_What the exercise asks_: Start at the line holding "Subramanya pooja<br />". Write out that line and each one after it to the end of the data, unchanged.

_Crawled caption data_:
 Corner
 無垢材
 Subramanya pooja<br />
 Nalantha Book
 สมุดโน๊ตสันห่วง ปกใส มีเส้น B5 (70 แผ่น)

_Answer to this task_:
 Subramanya pooja<br />
 Nalantha Book
 สมุดโน๊ตสันห่วง ปกใส มีเส้น B5 (70 แผ่น)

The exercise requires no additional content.